- _EXERCISE DIRECTIONS_: Copy all of the data that follows without altering a word.

-----

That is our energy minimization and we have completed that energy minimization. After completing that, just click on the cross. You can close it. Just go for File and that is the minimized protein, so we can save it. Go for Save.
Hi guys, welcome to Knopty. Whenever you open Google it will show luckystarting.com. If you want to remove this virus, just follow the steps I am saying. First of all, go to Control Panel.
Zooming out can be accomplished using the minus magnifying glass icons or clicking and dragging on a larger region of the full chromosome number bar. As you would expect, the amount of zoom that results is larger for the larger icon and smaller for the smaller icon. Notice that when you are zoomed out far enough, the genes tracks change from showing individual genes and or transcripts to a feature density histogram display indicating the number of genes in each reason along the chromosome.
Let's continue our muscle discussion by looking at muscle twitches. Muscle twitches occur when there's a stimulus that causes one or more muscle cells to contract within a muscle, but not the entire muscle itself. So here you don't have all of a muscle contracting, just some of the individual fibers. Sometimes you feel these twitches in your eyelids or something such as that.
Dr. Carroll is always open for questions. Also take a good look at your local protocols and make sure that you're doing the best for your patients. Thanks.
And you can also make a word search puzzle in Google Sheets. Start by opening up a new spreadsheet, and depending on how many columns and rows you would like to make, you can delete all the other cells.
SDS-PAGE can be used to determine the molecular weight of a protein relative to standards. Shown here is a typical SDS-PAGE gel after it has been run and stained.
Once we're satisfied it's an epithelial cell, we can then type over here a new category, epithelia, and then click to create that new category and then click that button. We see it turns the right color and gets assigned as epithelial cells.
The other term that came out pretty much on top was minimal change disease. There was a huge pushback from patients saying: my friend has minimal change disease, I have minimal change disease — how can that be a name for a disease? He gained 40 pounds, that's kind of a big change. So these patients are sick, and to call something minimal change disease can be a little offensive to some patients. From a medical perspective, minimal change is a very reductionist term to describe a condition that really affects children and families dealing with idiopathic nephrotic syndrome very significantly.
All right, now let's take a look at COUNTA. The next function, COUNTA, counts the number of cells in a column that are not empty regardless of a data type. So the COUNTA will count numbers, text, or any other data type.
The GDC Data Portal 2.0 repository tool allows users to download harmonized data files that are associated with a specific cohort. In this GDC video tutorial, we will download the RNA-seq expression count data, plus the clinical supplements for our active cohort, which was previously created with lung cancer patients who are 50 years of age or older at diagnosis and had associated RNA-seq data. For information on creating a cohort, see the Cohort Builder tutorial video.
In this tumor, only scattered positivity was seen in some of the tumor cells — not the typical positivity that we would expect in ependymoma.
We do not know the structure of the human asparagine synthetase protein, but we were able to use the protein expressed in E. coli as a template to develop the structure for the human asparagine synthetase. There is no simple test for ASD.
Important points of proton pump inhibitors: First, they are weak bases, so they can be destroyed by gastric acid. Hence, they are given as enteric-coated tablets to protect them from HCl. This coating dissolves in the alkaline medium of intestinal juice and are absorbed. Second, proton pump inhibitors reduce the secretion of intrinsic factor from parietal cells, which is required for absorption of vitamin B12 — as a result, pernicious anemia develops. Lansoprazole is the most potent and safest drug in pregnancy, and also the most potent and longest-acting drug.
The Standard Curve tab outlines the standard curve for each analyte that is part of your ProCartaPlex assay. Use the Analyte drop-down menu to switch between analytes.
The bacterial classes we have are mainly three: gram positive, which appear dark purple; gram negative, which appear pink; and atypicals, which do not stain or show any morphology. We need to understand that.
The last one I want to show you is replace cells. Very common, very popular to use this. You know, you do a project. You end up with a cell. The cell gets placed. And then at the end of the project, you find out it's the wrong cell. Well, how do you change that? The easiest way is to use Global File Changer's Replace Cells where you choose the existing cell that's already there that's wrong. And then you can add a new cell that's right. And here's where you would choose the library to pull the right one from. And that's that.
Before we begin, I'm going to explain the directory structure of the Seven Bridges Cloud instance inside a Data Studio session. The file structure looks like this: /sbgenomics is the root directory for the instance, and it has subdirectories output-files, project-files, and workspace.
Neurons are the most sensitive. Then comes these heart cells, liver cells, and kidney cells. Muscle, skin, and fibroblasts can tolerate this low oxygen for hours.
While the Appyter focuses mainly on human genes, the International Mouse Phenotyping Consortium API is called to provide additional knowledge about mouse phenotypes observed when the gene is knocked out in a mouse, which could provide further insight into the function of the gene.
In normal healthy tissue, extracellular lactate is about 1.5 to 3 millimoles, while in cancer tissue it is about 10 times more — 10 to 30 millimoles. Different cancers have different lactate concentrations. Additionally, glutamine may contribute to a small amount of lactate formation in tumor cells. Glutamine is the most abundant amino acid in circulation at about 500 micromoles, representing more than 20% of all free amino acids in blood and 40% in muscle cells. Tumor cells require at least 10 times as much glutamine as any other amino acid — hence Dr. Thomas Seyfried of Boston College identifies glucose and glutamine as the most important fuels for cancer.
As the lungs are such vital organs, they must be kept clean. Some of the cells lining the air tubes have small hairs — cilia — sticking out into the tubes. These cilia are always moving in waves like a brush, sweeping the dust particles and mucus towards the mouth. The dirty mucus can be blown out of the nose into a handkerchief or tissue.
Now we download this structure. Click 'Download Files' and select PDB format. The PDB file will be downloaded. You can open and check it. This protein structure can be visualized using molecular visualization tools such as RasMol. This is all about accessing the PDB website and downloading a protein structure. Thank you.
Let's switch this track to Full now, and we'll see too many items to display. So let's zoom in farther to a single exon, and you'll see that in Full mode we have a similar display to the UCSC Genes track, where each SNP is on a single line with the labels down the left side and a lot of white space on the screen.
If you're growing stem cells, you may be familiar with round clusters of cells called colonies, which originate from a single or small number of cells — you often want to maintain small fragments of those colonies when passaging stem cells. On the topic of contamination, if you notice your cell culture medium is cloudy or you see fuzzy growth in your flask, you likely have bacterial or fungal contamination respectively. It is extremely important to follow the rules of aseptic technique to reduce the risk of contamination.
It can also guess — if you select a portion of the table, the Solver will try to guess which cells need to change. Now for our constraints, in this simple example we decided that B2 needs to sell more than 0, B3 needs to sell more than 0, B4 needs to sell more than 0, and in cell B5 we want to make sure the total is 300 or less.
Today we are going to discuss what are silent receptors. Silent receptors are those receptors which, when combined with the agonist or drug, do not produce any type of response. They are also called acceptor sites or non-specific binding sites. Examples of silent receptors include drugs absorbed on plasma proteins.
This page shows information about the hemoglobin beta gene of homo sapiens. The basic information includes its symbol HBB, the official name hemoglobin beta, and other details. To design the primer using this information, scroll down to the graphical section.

-----

- _SOLUTION FOR THIS EXERCISE_:
That is our energy minimization and we have completed that energy minimization. After completing that, just click on the cross. You can close it. Just go for File and that is the minimized protein, so we can save it. Go for Save.
Hi guys, welcome to Knopty. Whenever you open Google it will show luckystarting.com. If you want to remove this virus, just follow the steps I am saying. First of all, go to Control Panel.
Zooming out can be accomplished using the minus magnifying glass icons or clicking and dragging on a larger region of the full chromosome number bar. As you would expect, the amount of zoom that results is larger for the larger icon and smaller for the smaller icon. Notice that when you are zoomed out far enough, the genes tracks change from showing individual genes and or transcripts to a feature density histogram display indicating the number of genes in each reason along the chromosome.
Let's continue our muscle discussion by looking at muscle twitches. Muscle twitches occur when there's a stimulus that causes one or more muscle cells to contract within a muscle, but not the entire muscle itself. So here you don't have all of a muscle contracting, just some of the individual fibers. Sometimes you feel these twitches in your eyelids or something such as that.
Dr. Carroll is always open for questions. Also take a good look at your local protocols and make sure that you're doing the best for your patients. Thanks.
And you can also make a word search puzzle in Google Sheets. Start by opening up a new spreadsheet, and depending on how many columns and rows you would like to make, you can delete all the other cells.
SDS-PAGE can be used to determine the molecular weight of a protein relative to standards. Shown here is a typical SDS-PAGE gel after it has been run and stained.
Once we're satisfied it's an epithelial cell, we can then type over here a new category, epithelia, and then click to create that new category and then click that button. We see it turns the right color and gets assigned as epithelial cells.
The other term that came out pretty much on top was minimal change disease. There was a huge pushback from patients saying: my friend has minimal change disease, I have minimal change disease — how can that be a name for a disease? He gained 40 pounds, that's kind of a big change. So these patients are sick, and to call something minimal change disease can be a little offensive to some patients. From a medical perspective, minimal change is a very reductionist term to describe a condition that really affects children and families dealing with idiopathic nephrotic syndrome very significantly.
All right, now let's take a look at COUNTA. The next function, COUNTA, counts the number of cells in a column that are not empty regardless of a data type. So the COUNTA will count numbers, text, or any other data type.
The GDC Data Portal 2.0 repository tool allows users to download harmonized data files that are associated with a specific cohort. In this GDC video tutorial, we will download the RNA-seq expression count data, plus the clinical supplements for our active cohort, which was previously created with lung cancer patients who are 50 years of age or older at diagnosis and had associated RNA-seq data. For information on creating a cohort, see the Cohort Builder tutorial video.
In this tumor, only scattered positivity was seen in some of the tumor cells — not the typical positivity that we would expect in ependymoma.
We do not know the structure of the human asparagine synthetase protein, but we were able to use the protein expressed in E. coli as a template to develop the structure for the human asparagine synthetase. There is no simple test for ASD.
Important points of proton pump inhibitors: First, they are weak bases, so they can be destroyed by gastric acid. Hence, they are given as enteric-coated tablets to protect them from HCl. This coating dissolves in the alkaline medium of intestinal juice and are absorbed. Second, proton pump inhibitors reduce the secretion of intrinsic factor from parietal cells, which is required for absorption of vitamin B12 — as a result, pernicious anemia develops. Lansoprazole is the most potent and safest drug in pregnancy, and also the most potent and longest-acting drug.
The Standard Curve tab outlines the standard curve for each analyte that is part of your ProCartaPlex assay. Use the Analyte drop-down menu to switch between analytes.
The bacterial classes we have are mainly three: gram positive, which appear dark purple; gram negative, which appear pink; and atypicals, which do not stain or show any morphology. We need to understand that.
The last one I want to show you is replace cells. Very common, very popular to use this. You know, you do a project. You end up with a cell. The cell gets placed. And then at the end of the project, you find out it's the wrong cell. Well, how do you change that? The easiest way is to use Global File Changer's Replace Cells where you choose the existing cell that's already there that's wrong. And then you can add a new cell that's right. And here's where you would choose the library to pull the right one from. And that's that.
Before we begin, I'm going to explain the directory structure of the Seven Bridges Cloud instance inside a Data Studio session. The file structure looks like this: /sbgenomics is the root directory for the instance, and it has subdirectories output-files, project-files, and workspace.
Neurons are the most sensitive. Then comes these heart cells, liver cells, and kidney cells. Muscle, skin, and fibroblasts can tolerate this low oxygen for hours.
While the Appyter focuses mainly on human genes, the International Mouse Phenotyping Consortium API is called to provide additional knowledge about mouse phenotypes observed when the gene is knocked out in a mouse, which could provide further insight into the function of the gene.
In normal healthy tissue, extracellular lactate is about 1.5 to 3 millimoles, while in cancer tissue it is about 10 times more — 10 to 30 millimoles. Different cancers have different lactate concentrations. Additionally, glutamine may contribute to a small amount of lactate formation in tumor cells. Glutamine is the most abundant amino acid in circulation at about 500 micromoles, representing more than 20% of all free amino acids in blood and 40% in muscle cells. Tumor cells require at least 10 times as much glutamine as any other amino acid — hence Dr. Thomas Seyfried of Boston College identifies glucose and glutamine as the most important fuels for cancer.
As the lungs are such vital organs, they must be kept clean. Some of the cells lining the air tubes have small hairs — cilia — sticking out into the tubes. These cilia are always moving in waves like a brush, sweeping the dust particles and mucus towards the mouth. The dirty mucus can be blown out of the nose into a handkerchief or tissue.
Now we download this structure. Click 'Download Files' and select PDB format. The PDB file will be downloaded. You can open and check it. This protein structure can be visualized using molecular visualization tools such as RasMol. This is all about accessing the PDB website and downloading a protein structure. Thank you.
Let's switch this track to Full now, and we'll see too many items to display. So let's zoom in farther to a single exon, and you'll see that in Full mode we have a similar display to the UCSC Genes track, where each SNP is on a single line with the labels down the left side and a lot of white space on the screen.
If you're growing stem cells, you may be familiar with round clusters of cells called colonies, which originate from a single or small number of cells — you often want to maintain small fragments of those colonies when passaging stem cells. On the topic of contamination, if you notice your cell culture medium is cloudy or you see fuzzy growth in your flask, you likely have bacterial or fungal contamination respectively. It is extremely important to follow the rules of aseptic technique to reduce the risk of contamination.
It can also guess — if you select a portion of the table, the Solver will try to guess which cells need to change. Now for our constraints, in this simple example we decided that B2 needs to sell more than 0, B3 needs to sell more than 0, B4 needs to sell more than 0, and in cell B5 we want to make sure the total is 300 or less.
Today we are going to discuss what are silent receptors. Silent receptors are those receptors which, when combined with the agonist or drug, do not produce any type of response. They are also called acceptor sites or non-specific binding sites. Examples of silent receptors include drugs absorbed on plasma proteins.
This page shows information about the hemoglobin beta gene of homo sapiens. The basic information includes its symbol HBB, the official name hemoglobin beta, and other details. To design the primer using this information, scroll down to the graphical section.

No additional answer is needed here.